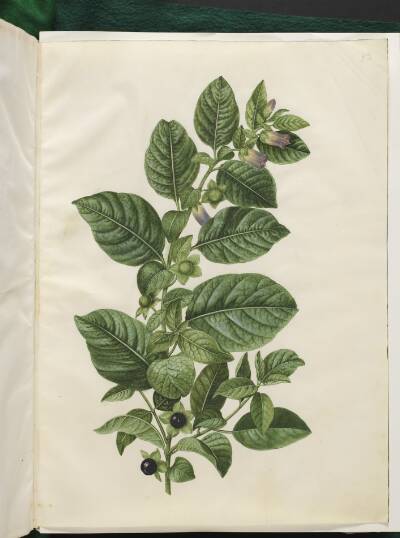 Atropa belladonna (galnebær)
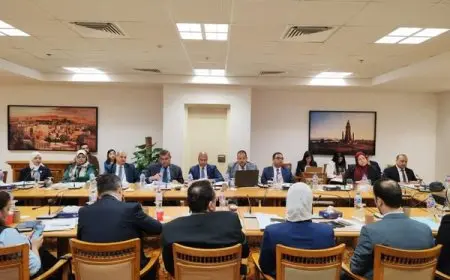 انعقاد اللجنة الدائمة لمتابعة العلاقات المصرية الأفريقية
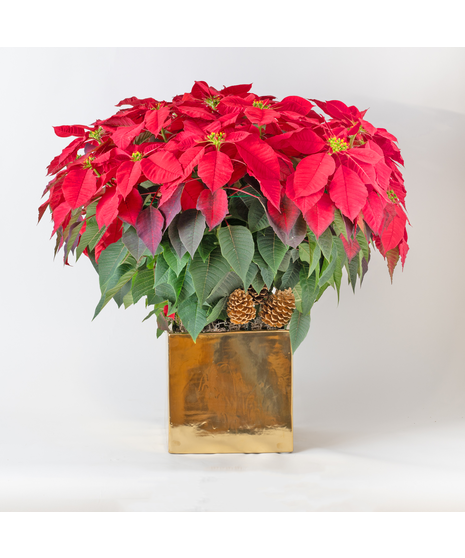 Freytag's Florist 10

--

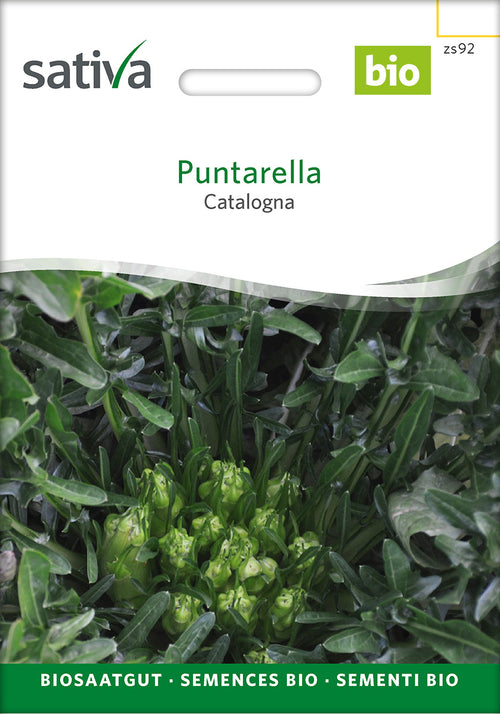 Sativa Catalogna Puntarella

---

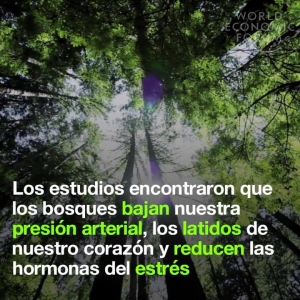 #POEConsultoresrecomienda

## Prompt
Working from the entries above, reproduce exactly and only the lines beginning with the line that has "Atropa belladonna (galnebær)" and ending with the line that has "Freytag's Florist 10"; omit all pictures.

## Solution for this problem
 Atropa belladonna (galnebær)
 انعقاد اللجنة الدائمة لمتابعة العلاقات المصرية الأفريقية
 Freytag's Florist 10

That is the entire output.